Ello has apparently written its charter, but as GigaOm has pointed out, this means a few additional things, such as the ability of shareholders to sue “if the directors of a corporation fail to uphold the public benefit that is described in its charter — just as shareholders of a regular corporation can sue if directors breach their financial duties.” And in order for someone to trigger one of these lawsuits, they must control two percent of total shares or $2 million if the company is public.
But if all the shares are held by investors and not Ello users or an independent party, who can use that legal check here?
VCs and LPs
Ello’s main institutional investors in this round, Foundry Group and Techstars’ Bullet Time Ventures, have both issued long blog posts explaining their investment in the startup.
They both clearly stated that they’re fully on board with Ello’s status as a PBC and support the pledges it has taken (no ads, no data selling). They both also write that they are backing the company as investors, not seeing this as “charity.”
To be honest, I believe them.
“Our belief is that we will make money on Ello,” Levine said. He also said that he believes that generating revenues and being true to a company’s ethics can “exist in harmony,” and that detractors of this possibility are shortsighted.
But what about their limited partners (LPs)?
When LPs put their piles of money into a VC fund, they trust that the managing partners will put it in places where eventually it will turn into much larger piles of money.
Did these limited partners sign up for this investment in a PBC with unproven ability to yield a whole lot of cash?
Levine says yes, sort of.
“We didn’t talk about B-corps or PBCs specifically when we were raising our fund,” he said. But he and his partners did invest in a B-corp with their previous fund, and Foundry Group’s LPs know Levine et al. and the things they believe in and are interested in. This shouldn’t be a surprise to them.
“At the end of the day, our investors have hired us to be good stewards of their money and we have some latitude to do that,” he added.
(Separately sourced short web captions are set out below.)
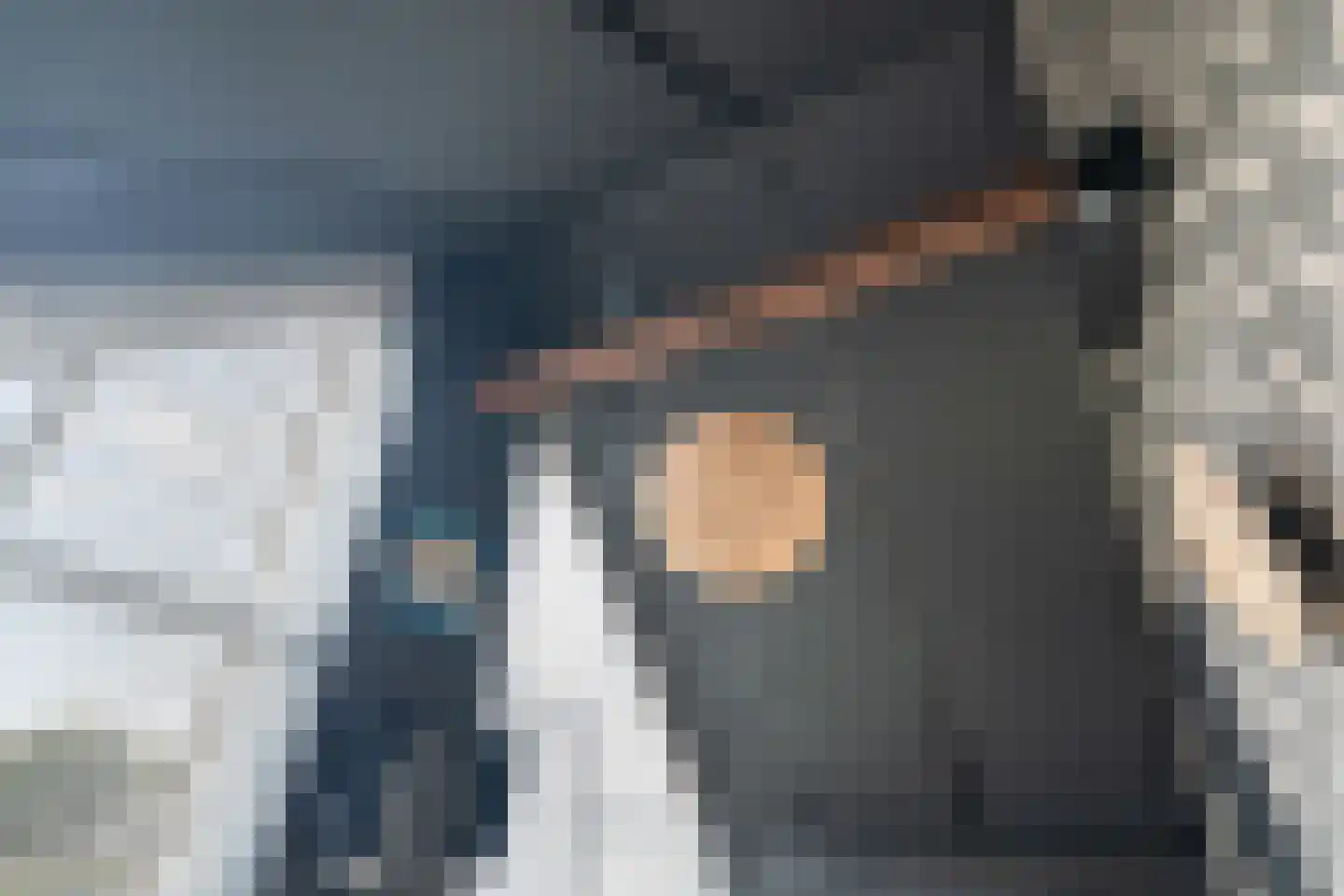 Voorweg 113 K Zoetermeer thumbnail 40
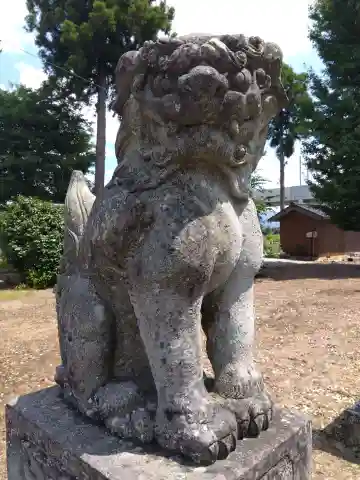気比神社(福井県)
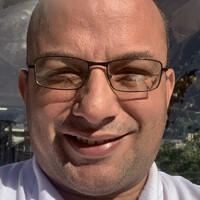 Philippe Brocco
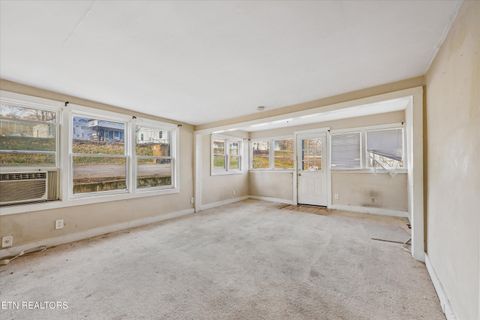 Tiny photo for 1080 Baker Ave, Knoxville, TN 37920 (MLS # 1324557)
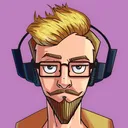 @robertgracemusic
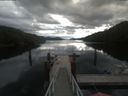./images/calvert/dock/20200817/dock20200817_095004.jpg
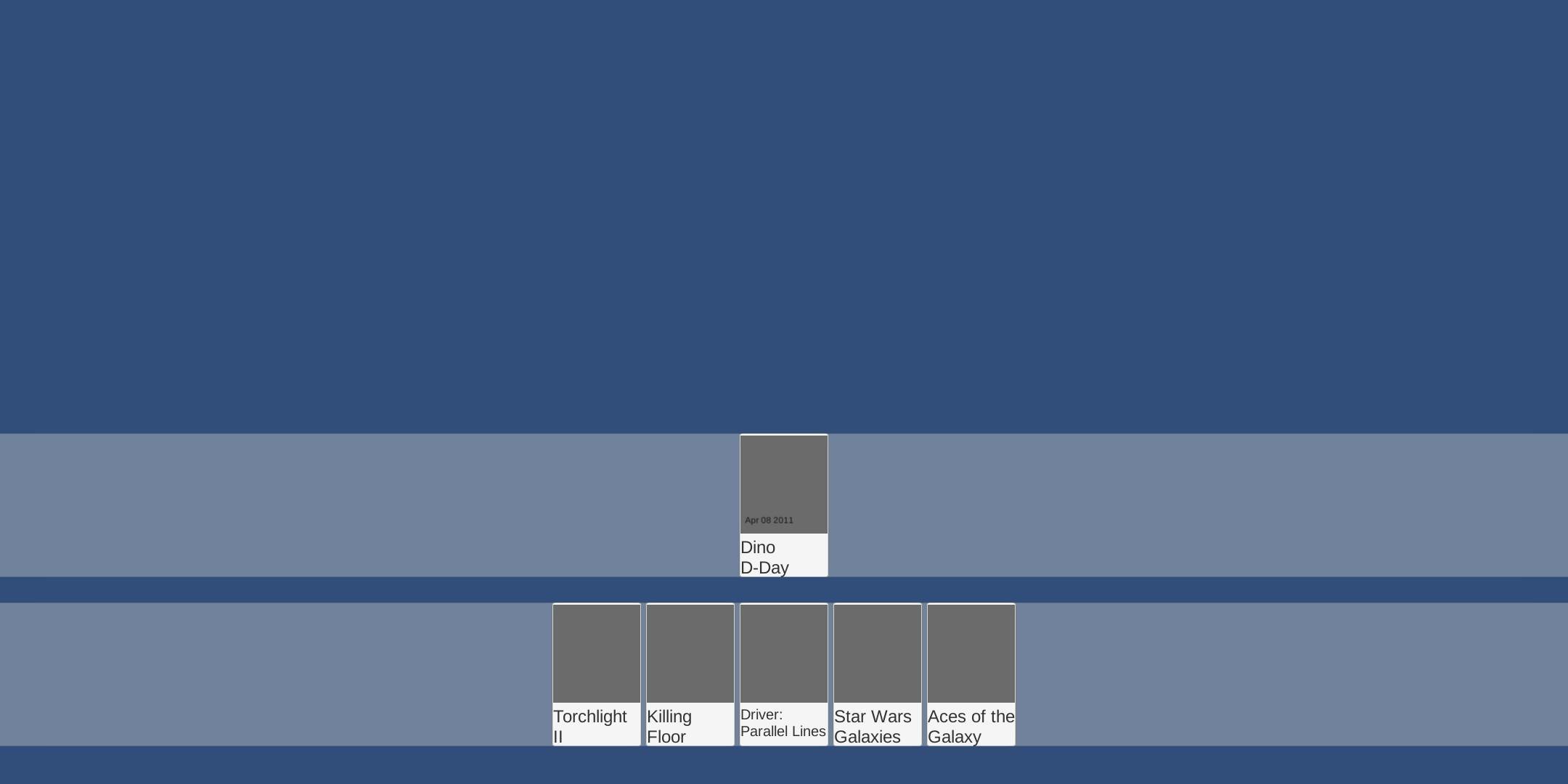 Succession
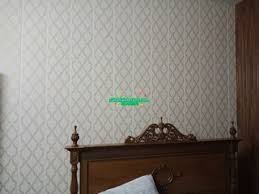 Check out our pvc wall panels selection for the very best in unique or custom, handmade pieces from our wall décor shops. Pvc Wall Panels Pvc Palling Seapage Soloution Wall Paling Sultania Interiors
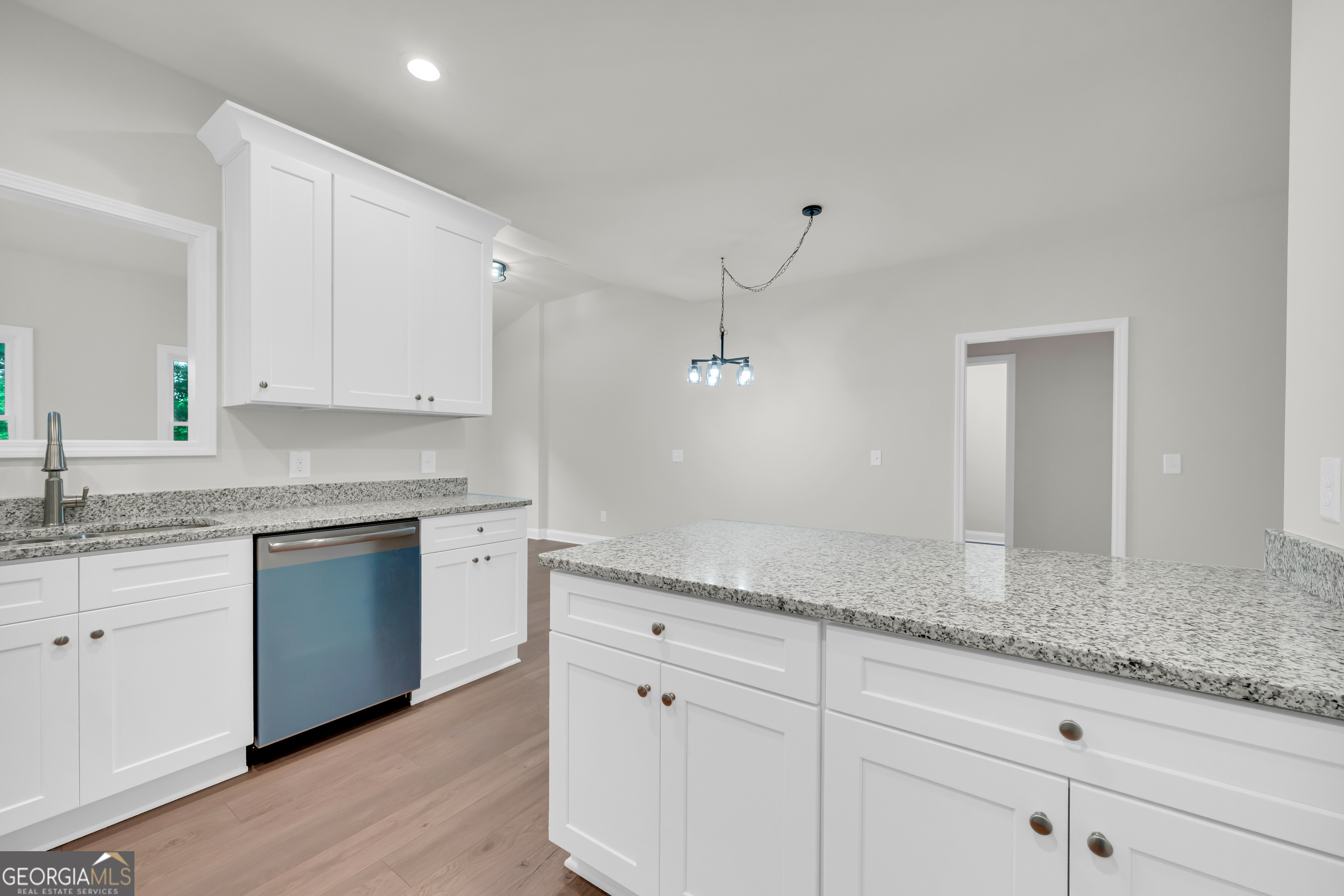 188 Ayers Road Property Photo 18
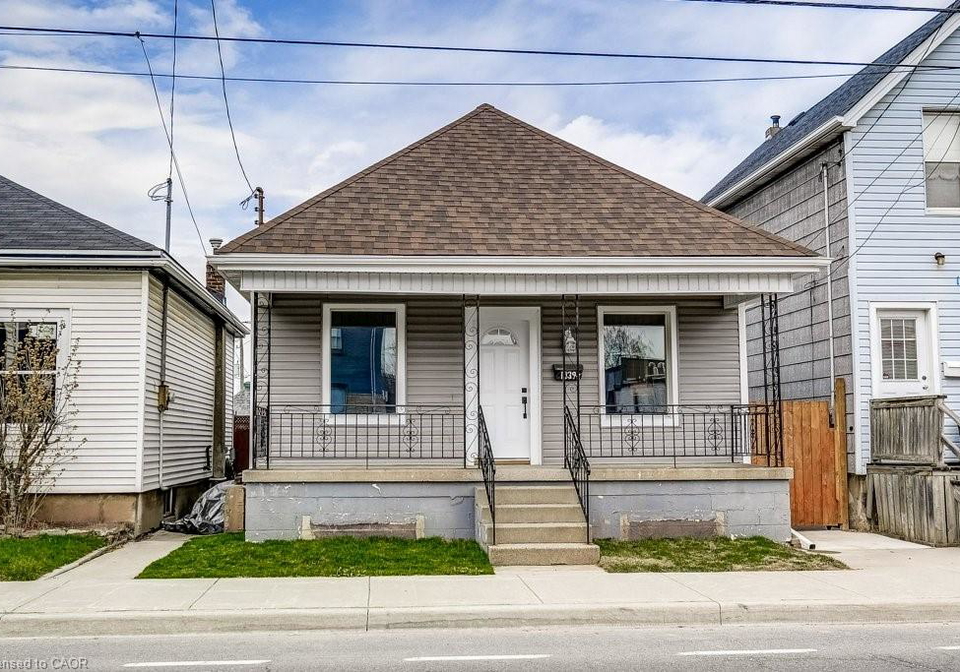 1039-12-cannon-street-e-hamilton-ontario-40773963
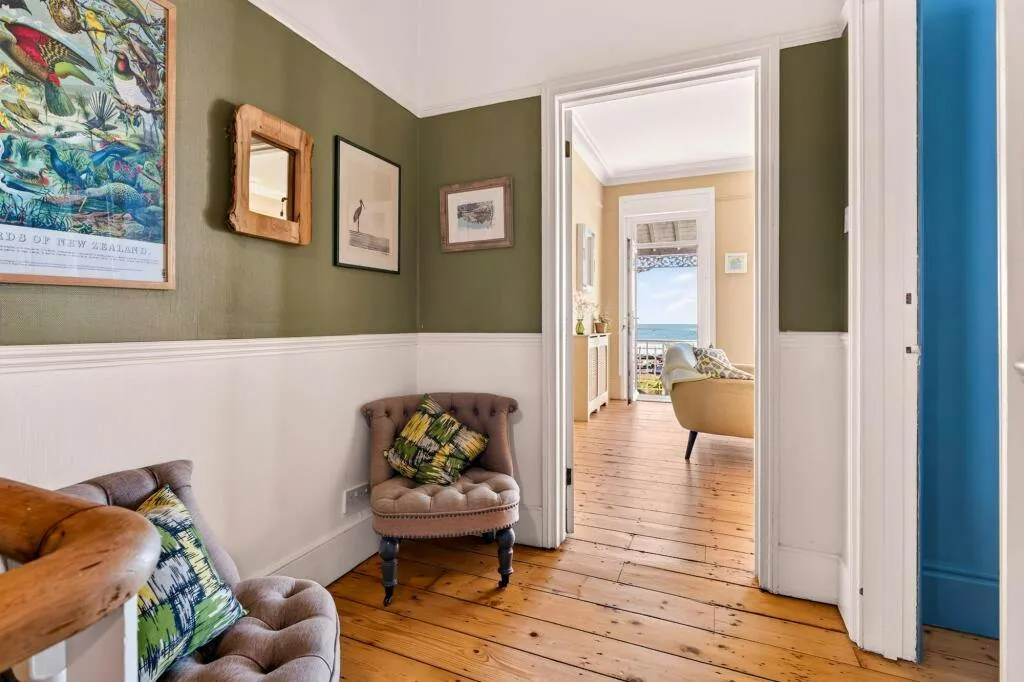 Brighton Road, Worthing, BN11, photo 19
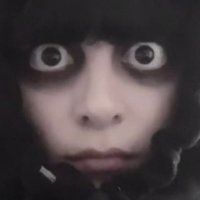 THE SPIDER. 🕷 oneway.exe DEMO OUT (@arachnidray) 's Twitter Profile Photo THE SPIDER. 🕷 oneway.exe DEMO OUT (@arachnidray) 's Twitter Profile Photo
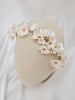 Sakura Crown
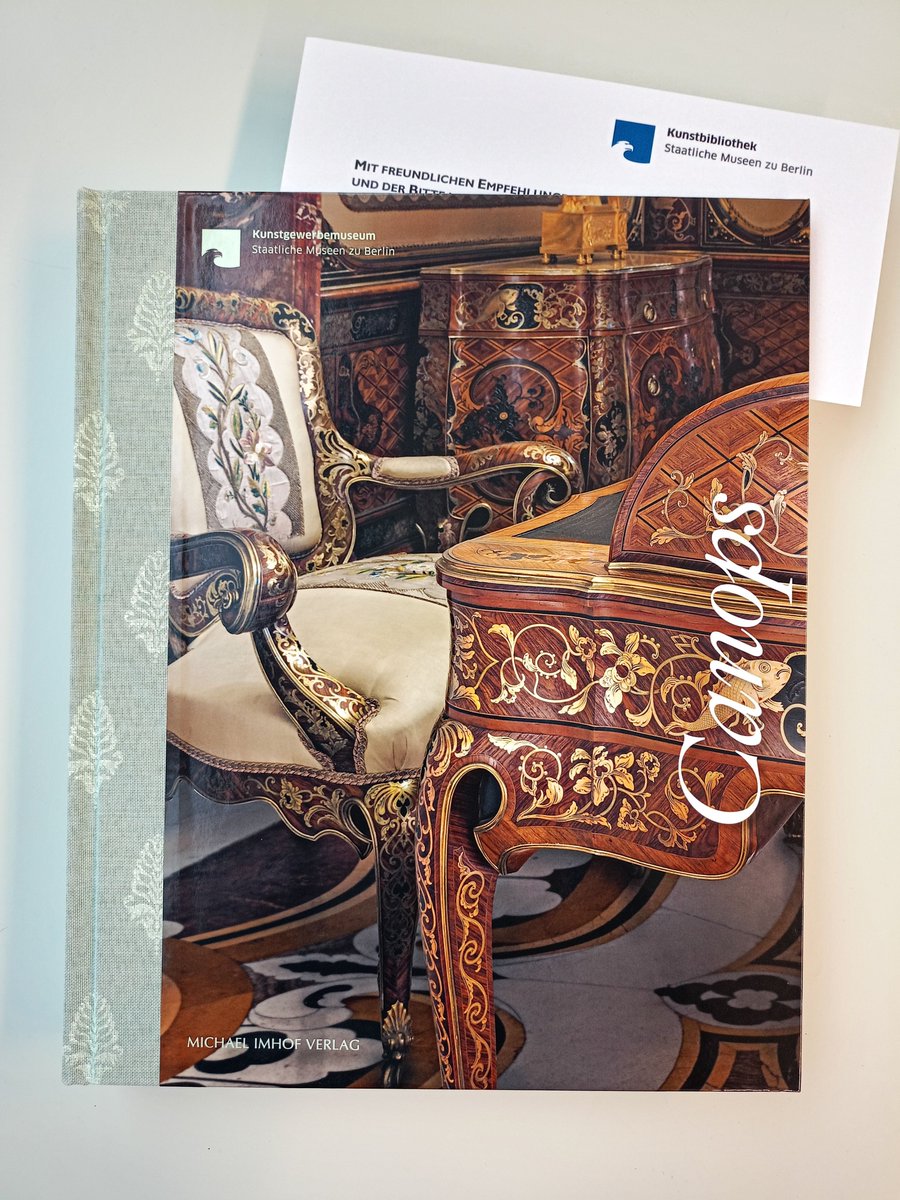 DHub Centre Documentació tweet media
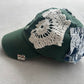 SD-5 hat Fall 2025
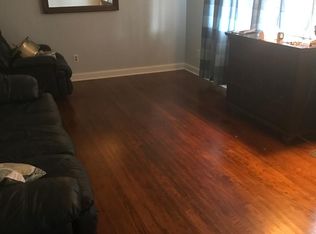 1023 Leeward Ave, Charleston, SC 29412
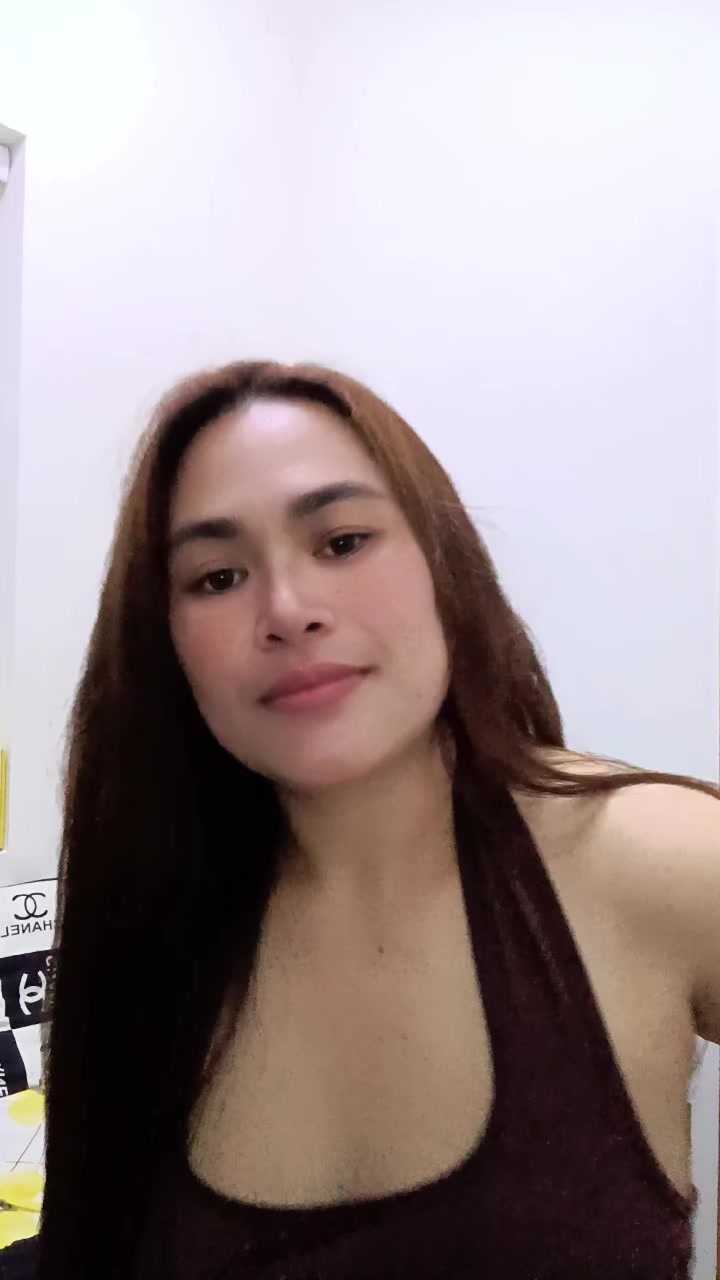 @shane03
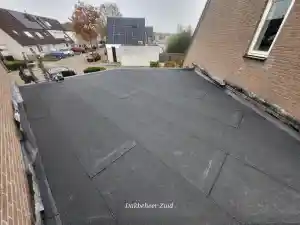 Dakdekker Den Bosch.jpg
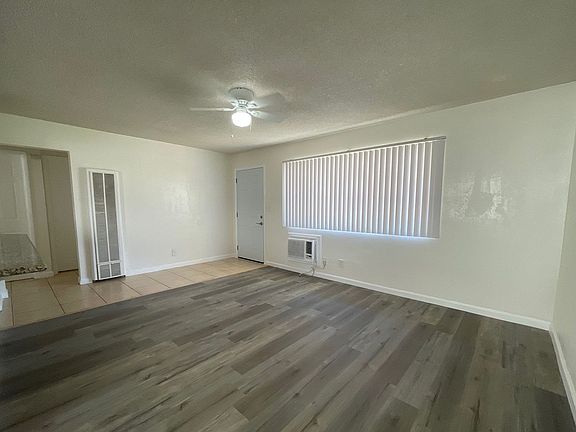 5th image of 1471 E Eureka St APT 213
And then again, the old rule of thumb around Sand Hill Road is that nine out of ten VC investments will be duds, and that the tenth one will make it up for the rest. So even if doing well by doing good is a long shot, this might just be part of the overall portfolio.
Levine himself said, “The reality of my business is that a lot of businesses don’t work out.”
And, he said, he’d rather “fail than compromise [their] values.”